Social Responsibility and Sustainability

Once a Castle, Home is Now a Debtors’ Prison

Forget the notion of the home as "castle." Twenty-two percent of Americans owe more on their mortgages than the value of their homes. Nicolas P. Retsinas offers ideas for how these "debtors' prisons" can be turned into productive housing.

We have created a housing hybrid in America, refashioning the single-family home into a mini debtors' prison. Almost 11 million dot the landscape. In Las Vegas and Phoenix, over 50 percent of homeowners live in one.

Understandably, most [underwater] owners … live shackled in what the Chinese call fang nu—slaves to their house.

Forget the notion of the home as "castle," protecting the owner from greedy landlords. Forget too the expectation that a physical nest will morph into a nest egg. For 22 percent of people who hold mortgages, those notions are anachronistic—relics of a long-ago era before unemployment soared, the Dow plummeted, and credit default swaps surfaced. In today's jargon, these owners are underwater—they owe more than the value of their homes.

But underwater is a misnomer. People underwater either swim or drown.

These underwater owners linger, trapped in their very own debtors' prisons. Their task is Sisyphean: they work, pay the monthly debt to the lender, yet see a perpetual gap between payments and value. The payments can seem like an extortion episode from The Sopranos.

Exit strategies are few. If an owner sells the house for less than the mortgage, the owner must pay the lender the difference. Owners will still need to find someplace else to live.

An owner can walk away from the loan and join the "strategic defaulters," who defaulted not because they could not pay but because they did not want to. Their house was a bad investment. The advantage of this maneuver is real: strategic defaulters save money. Sometimes they can rent a comparable home. But they risk a lower credit rating, which could bar them from buying another home for up to seven years.

Understandably, most owners do not grab either of these solutions; instead, they live shackled in what the Chinese call fang nu—slaves to their house.

One owner's misery is personal; when over a fifth of mortgage-holders are shackled, the personal misery becomes national. For the country, these homes are an economic shackle, hobbling the housing market. They also distort the labor market: people offered jobs far afield stay put, reluctant (and unable) to leave their underwater homes. Since the recovery of the housing market will undergird any broader recovery, we must address these debtors' prisons.

Novel Solutions

The solutions will force lenders to throw out their textbooks.

First, lenders can recognize the wisdom of short sales, accepting less than the face value of the mortgage. Currently banks do accept short sales but only after protracted negotiations. One advice columnist recently advised sellers eager to unload an underwater house to keep trying—on the third try, a bank might relent. A short sale will put the house on the market, opening it to another buyer, letting the seller move. Lenders could proactively set prices for short sales.

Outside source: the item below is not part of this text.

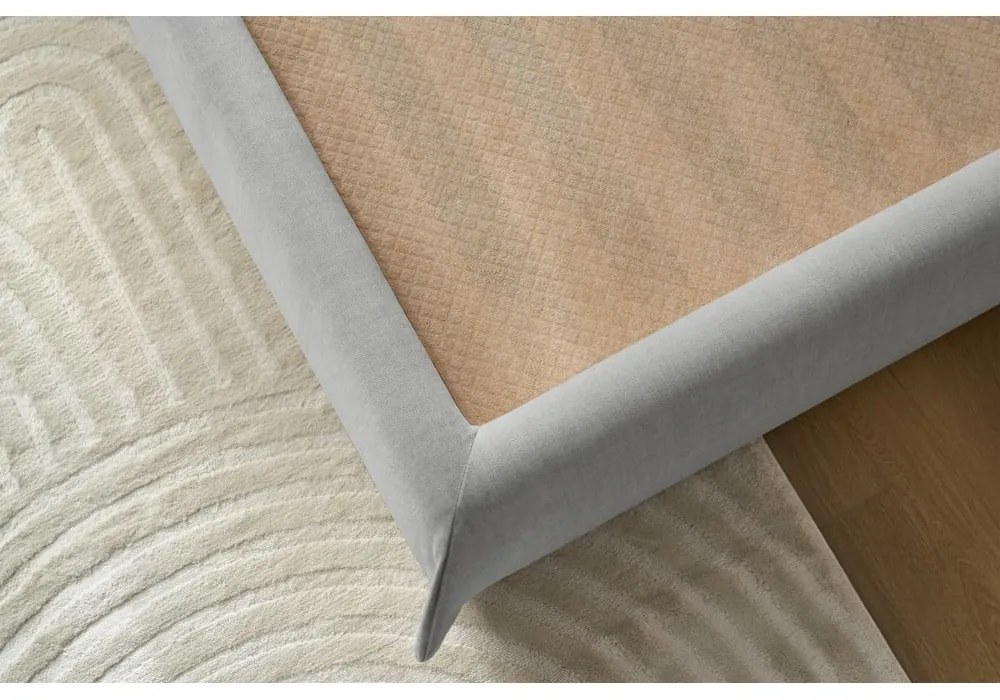 Светлосиво тапицирано двойно легло с място за съхранение с решетка 160x200 cm Clothilde - Bobochic Paris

Lenders may be reluctant to morph into landlords, but they already own millions of empty units.

Second, lenders can reduce the principal as part of loan modification. Consider a commonplace scenario. The value of a house has dropped 30 percent from its mortgage. The owner has already lost whatever equity she sank into the down payment. There is very little chance of an immediate surge in value. The owner cannot sell the house, is considering abandoning it, and has cut back on maintenance, which depresses the value further. If a few houses on a block are underwater, the blight will depress the values even of well-kept homes. Accepting this new reality, lenders might allow the entire mortgage payments to go toward the reduction of principal.

Third, lenders can transfer the mortgage-holder's status from "owner" to "renter." Often the owner has so little equity in the house anyway that the lender is in effect the owner. But making this shift from "owned" real estate to "rental" real estate will unshackle the occupant from the house. When the owner-turned-tenant makes his monthly payment, he will not be seeing a Sisyphean gap. If the rent is too high, the occupant will move. If the rent is low enough, he will stay. The occupant is free to decide. Lenders may be reluctant to morph into landlords, but they already own millions of empty units. At least the rental units will be generating revenue. Sometimes goals dovetail: in this case, the country needs rental housing as much as underwater owners need rescue.

Tony Soprano was not compassionate; the plight of his debtors would not have moved him. But he was pragmatic. I suspect that he would have modified these loans, releasing homeowners from their prisons.